Tuesday, 20 May 2014

Heart Attack/Panic Attack/Indigestion?!

Sometimes I wonder whether I should post things on this blog.  I am aware that it is open to the public, so obviously I don't put my private thoughts on it (although I used to at the start when I was writing it anonymously).  So I have thought hard about what I am about to write, because it is quite personal and quite embarrassing.  But I have decided that it is relevant.

After my last blog post, I wrote for an hour or two.  I then had a sandwich and some sunflower seeds for my lunch.  After that I sat down in the conservatory with a cup of tea.  I texted Paul to tell him that I was relaxing and that I had decided I should do so more often.  (I had already text him earlier to say that I had deleted the completely rubbish romance novel that I had been trying to write and he had replied saying he thought that was a good idea). 

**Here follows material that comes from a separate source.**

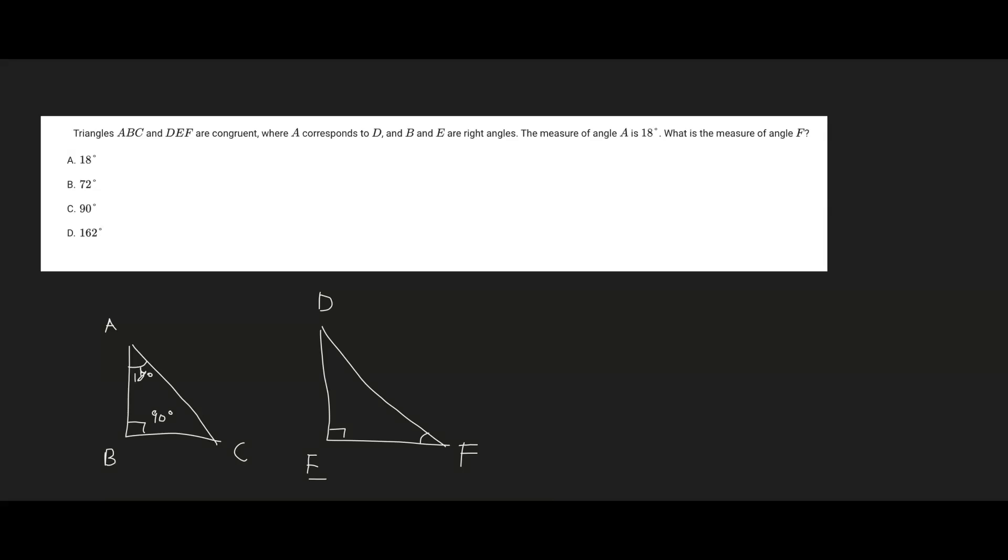And so if we look at this corner right here, the angle of C can actually be found by just adding up the angles of A and B and then subtracting it away from 180 degrees. And the reason for that is because there's 180 degrees in a triangle. So 180 minus 18, actually just minus 90 first and then minus 18.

All this preamble is leading up the point that I was not consciously stressed at that point...  Anyway, before I'd had a chance to drink much of my tea, I started to feel pain in my chest.  It got worse.  I retreated from the conservatory into the front room where it was cooler, because I had broken out into a cold sweat and was having trouble breathing.  The pain continued and I started to worry.  I lay down on the sofa (sometimes I get indigestion and lying flat helps).  I got up, because it didn't help.  I tried to stay calm and keep breathing slowly and deeply.  No help, and now I was feeling dizzy and a little sick... 

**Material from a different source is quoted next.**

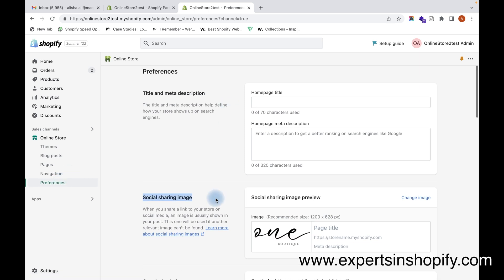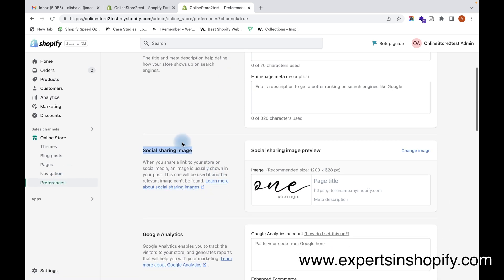Here you can see an option called Social Sharing Image. This is where you have to actually upload the social sharing image. You can see I have already uploaded one here. Don't forget to upload this image before you launch your store.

After a few minutes of this, I called Paul at his work.  I had considered calling the ambulance, but at the back of my mind the thought of my diagnosis always niggles, and I was frightened that if the pain subsided soon, as seemed likely, I would be sitting in A and E for several hours, earmarked as, at the least, an hysteric and at the worst a schizophrenic.  I have had bad experiences in hospitals over the years, of trying to reassure doctors that I am fine mentally and them remaining convinced that I am not, so I do my best to avoid the places.  

I do get a lot of physical aches and pains, and I have had IBS for years.  The IBS has abated considerably recently, if not stopped - I have been implementing a strategy of mind over matter with it, and I seemed to have won.  I know that my mind is capable of conjuring up all sorts of physical manifestations of worry, and although I worry a lot less than I used to, anxiety does creep back in at times.  I have been very busy recently, on Twitter and Facebook publicising my work, writing, doing the usual stuff and home and with the kids.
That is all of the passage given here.